## Entries supplied
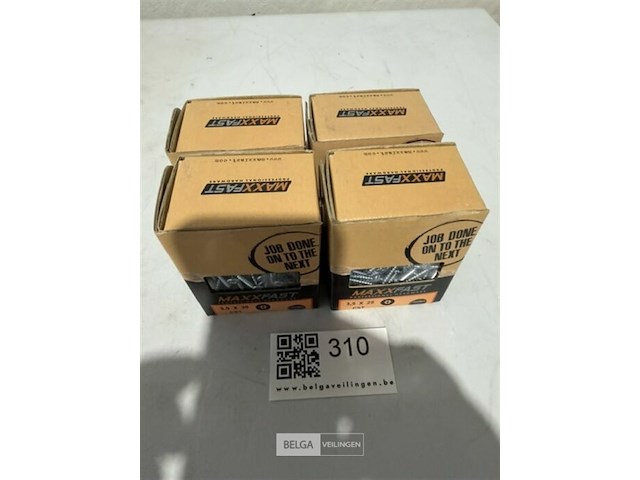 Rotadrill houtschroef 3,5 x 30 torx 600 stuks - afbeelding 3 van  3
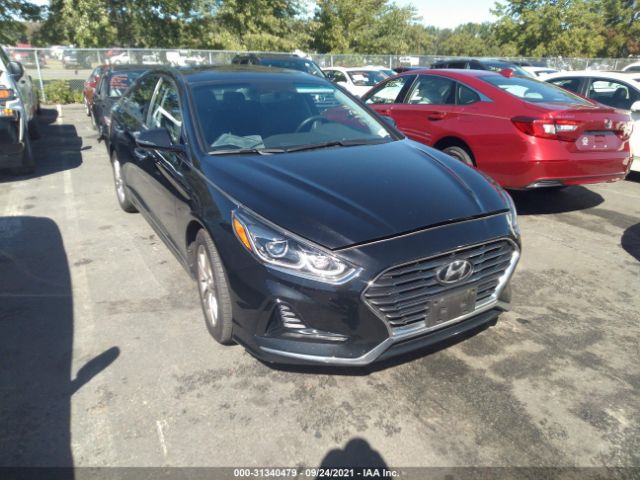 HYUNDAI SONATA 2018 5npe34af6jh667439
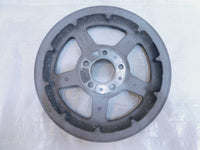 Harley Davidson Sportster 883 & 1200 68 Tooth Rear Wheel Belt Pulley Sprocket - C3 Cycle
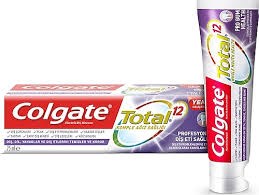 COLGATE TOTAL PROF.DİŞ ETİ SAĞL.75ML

---

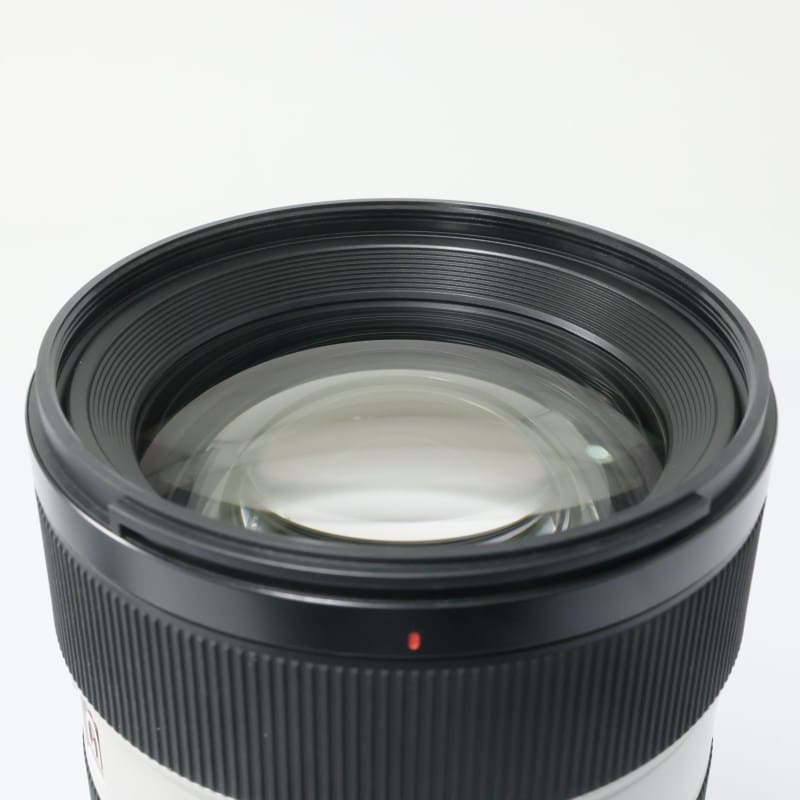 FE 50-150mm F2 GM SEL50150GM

* * *

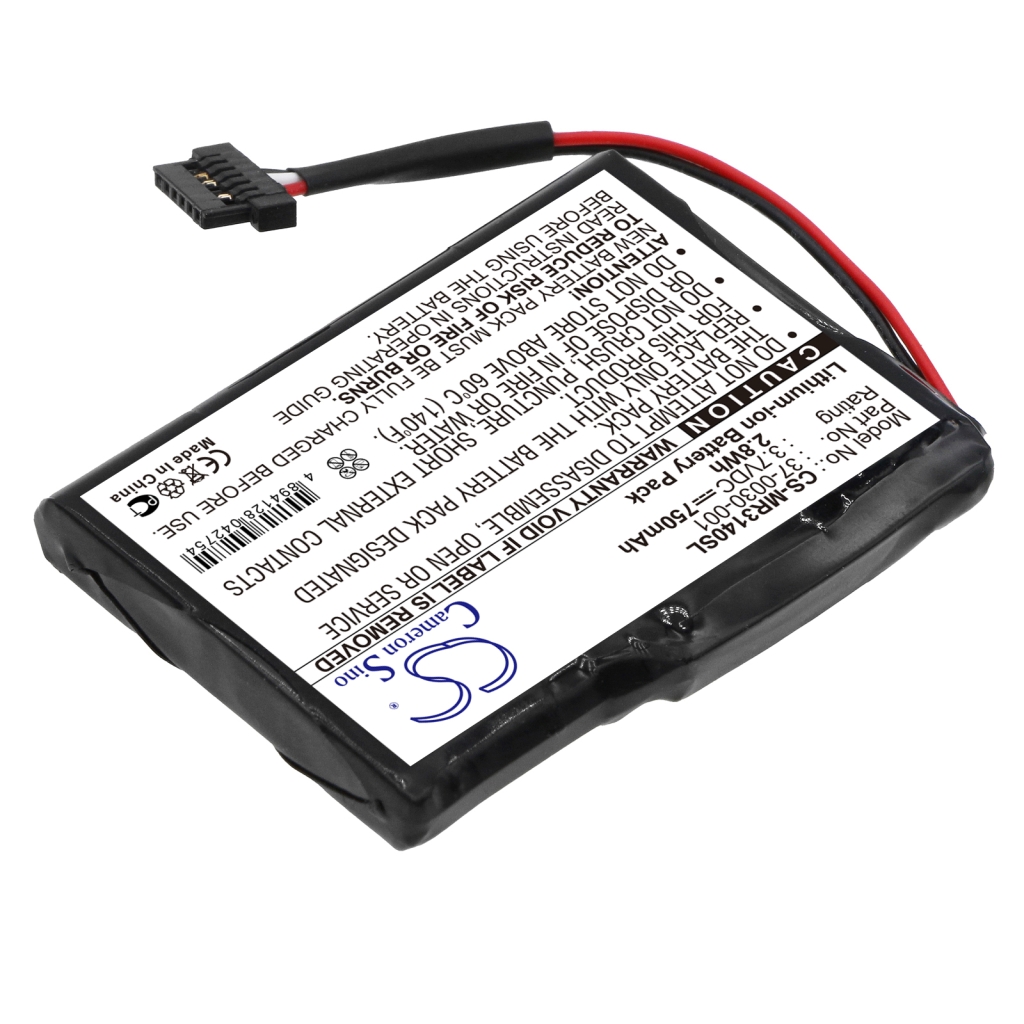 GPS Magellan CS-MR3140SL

## Prompt
Return only the stretch above from the line containing "Rotadrill houtschroef 3,5" through the line containing "COLGATE TOTAL PROF.DİŞ ETİ SAĞL.75ML", word for word and without pictures.

## Result below
 Rotadrill houtschroef 3,5 x 30 torx 600 stuks - afbeelding 3 van  3
 HYUNDAI SONATA 2018 5npe34af6jh667439
 Harley Davidson Sportster 883 & 1200 68 Tooth Rear Wheel Belt Pulley Sprocket - C3 Cycle
 COLGATE TOTAL PROF.DİŞ ETİ SAĞL.75ML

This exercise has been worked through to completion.